Credit: Fort Collins Museum of Discovery H06526
Credit: Fort Collins Museum of Discovery lcdpb20
Credit: Fort Collins Museum of Discovery c01302
Like many creeks in Colorado, Boxelder Creek and its tributaries have both a history of flooding and a history of Coloradoans doing something to control the flooding.
The semi-arid climate of the basin is characterized by unevenly distributed precipitation. Significant short-duration and longer-duration rain events take place frequently.
Two recent local examples similar to past events are the intense, localized rain that caused the Spring Creek flood in Fort Collins in 1997 and the multi-day intense rain that caused widespread flooding in Larimer County in September 2013.
In the 65 years from 1904 to 1969, according to the Soil Conservation Service, 24 major storms and numerous intense local storms produced damaging floods somewhere in the watershed every one to three years.
The farms, ranches, towns, and cities that developed throughout the Boxelder basin during this same time period experienced repeated damage.
Floodwater, sediment, and erosion damaged agricultural land, crops, irrigation facilities, farm and ranch buildings, residential and public structures, roads and highways, and embankments and bridges.
In 1970, after several years of data collection, analysis, and public discussion, a group of concerned citizens, local government leaders, and state and federal agency staff took a major step toward controlling the repeated flooding. They completed the Boxelder Creek Watershed Project Plan.
The project objective was to “reduce damages to agricultural land and crops, irrigation facilities, farmsteads, highways, embankments, and bridges from 10-year frequency storms or larger and to the town of Wellington from the 100-year frequency storms.”
Watershed improvements described in the project plan included land treatment measures, to be carried out by land owners and operators of private and state land, and structural measures. The structural measures to be installed included five single-purpose floodwater detention dams, known today as dams B-2, B-3, B-4, B-5, and B-6.
The project sponsors, providing leadership for the completion of the plan, were the Fort Collins Soil Conservation District and West Greeley Soil Conservation District in Colorado; the Frontier Soil and Water Conservation District and Laramie Rivers Soil and Water Conservation District in Wyoming; the Larimer County Board of Commissioners; the North Poudre Irrigation Company (NPIC); and the Colorado State Soil Conservation Board.
The USDA Soil Conservation Service (now known as the Natural Resources Conservation Service, NRCS) and other state and federal agencies, provided technical assistance for the plan.
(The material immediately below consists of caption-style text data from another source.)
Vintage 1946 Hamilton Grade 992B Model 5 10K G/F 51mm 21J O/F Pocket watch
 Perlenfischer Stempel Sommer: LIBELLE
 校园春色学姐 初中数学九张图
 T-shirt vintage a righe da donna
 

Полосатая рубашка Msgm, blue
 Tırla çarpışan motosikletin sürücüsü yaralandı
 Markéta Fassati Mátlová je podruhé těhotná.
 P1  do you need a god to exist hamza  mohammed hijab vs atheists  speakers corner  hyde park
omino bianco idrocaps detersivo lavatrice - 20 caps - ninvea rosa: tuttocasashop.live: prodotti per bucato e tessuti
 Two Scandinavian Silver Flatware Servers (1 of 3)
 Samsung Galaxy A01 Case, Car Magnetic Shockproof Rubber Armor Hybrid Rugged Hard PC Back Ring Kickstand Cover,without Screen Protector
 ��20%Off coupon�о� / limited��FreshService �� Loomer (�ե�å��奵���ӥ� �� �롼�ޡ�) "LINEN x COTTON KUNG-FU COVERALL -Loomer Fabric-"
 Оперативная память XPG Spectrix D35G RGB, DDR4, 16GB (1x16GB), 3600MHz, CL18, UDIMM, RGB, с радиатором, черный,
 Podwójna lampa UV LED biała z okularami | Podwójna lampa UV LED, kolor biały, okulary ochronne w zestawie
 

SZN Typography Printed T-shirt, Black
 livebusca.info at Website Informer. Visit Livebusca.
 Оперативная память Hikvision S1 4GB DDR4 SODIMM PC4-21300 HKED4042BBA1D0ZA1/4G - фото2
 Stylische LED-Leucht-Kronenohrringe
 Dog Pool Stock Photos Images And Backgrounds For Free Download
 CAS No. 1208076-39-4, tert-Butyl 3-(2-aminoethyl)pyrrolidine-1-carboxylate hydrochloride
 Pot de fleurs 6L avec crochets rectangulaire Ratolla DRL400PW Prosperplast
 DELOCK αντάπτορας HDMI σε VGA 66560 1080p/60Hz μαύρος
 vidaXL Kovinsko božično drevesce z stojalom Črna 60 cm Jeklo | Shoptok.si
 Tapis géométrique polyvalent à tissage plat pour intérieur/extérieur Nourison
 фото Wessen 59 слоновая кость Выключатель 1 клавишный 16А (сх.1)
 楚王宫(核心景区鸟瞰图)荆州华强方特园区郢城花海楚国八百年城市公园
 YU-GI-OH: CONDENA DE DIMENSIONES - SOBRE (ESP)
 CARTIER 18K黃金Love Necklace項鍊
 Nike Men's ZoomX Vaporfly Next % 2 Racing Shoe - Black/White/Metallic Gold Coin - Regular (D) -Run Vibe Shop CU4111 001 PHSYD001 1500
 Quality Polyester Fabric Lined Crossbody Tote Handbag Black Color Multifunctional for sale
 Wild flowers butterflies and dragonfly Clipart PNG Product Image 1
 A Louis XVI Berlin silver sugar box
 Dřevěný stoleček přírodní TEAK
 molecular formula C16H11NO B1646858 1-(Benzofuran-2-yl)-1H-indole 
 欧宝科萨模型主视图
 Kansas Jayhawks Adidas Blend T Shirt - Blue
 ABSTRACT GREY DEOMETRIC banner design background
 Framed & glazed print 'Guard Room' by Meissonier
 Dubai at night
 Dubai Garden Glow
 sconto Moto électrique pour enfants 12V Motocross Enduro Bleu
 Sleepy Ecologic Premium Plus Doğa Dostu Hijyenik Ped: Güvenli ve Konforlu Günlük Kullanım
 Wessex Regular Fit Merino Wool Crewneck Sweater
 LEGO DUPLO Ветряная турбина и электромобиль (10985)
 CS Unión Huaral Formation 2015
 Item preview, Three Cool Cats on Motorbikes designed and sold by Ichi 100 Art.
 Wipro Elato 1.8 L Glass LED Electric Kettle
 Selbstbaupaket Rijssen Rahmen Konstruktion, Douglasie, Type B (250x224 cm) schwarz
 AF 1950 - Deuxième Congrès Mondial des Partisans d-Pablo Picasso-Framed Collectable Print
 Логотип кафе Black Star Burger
Between 1977 and 1982, the five Boxelder dams were constructed, using funds provided by the NRCS under the authority of the 1953 Watershed Protection and Flood Prevention Act.
NPIC, as an original sponsor of the Boxelder Creek Watershed Project, assisted with acquisition of land rights and water rights clearances in preparation for building the dams. Under an agreement with NRCS, the company has operated and maintained the dams since their completion.
In 2006, the Federal Emergency Management Agency (FEMA) adopted a revised 100-year floodplain map for the lower Boxelder Basin. In response, regional entities came together to jointly plan flood mitigation improvements.
In 2008, the Boxelder Creek Regional Stormwater Authority was formed by an intergovernmental agreement between the City of Fort Collins, the Town of Wellington, and Larimer County.
In 2009, NPIC received approval for partial NRCS funding to investigate the rehabilitation of dams B-2, B-3, and B-4, with support from the original Boxelder Watershed project sponsors.
Using this and other data, NRCS reviewed the hazard classification of the Boxelder Watershed dams in January 2011. (These reviews take place about every five years for watershed project dams in the U.S.)
The review recommended that the hazard class of dams B-2 and B-3 should be increased from significant to high.
Project sponsors met in March 2011 and expressed support for NPIC’s application for funding to investigate the rehabilitation of dams B-2, B-3, and B-4.
In 2014, NRCS and NPIC agreed on funding for dam rehabilitation planning studies.
In May 2015, the Boxelder Watershed planning study began. The first document produced is the May 2015 Purpose and Need Statement.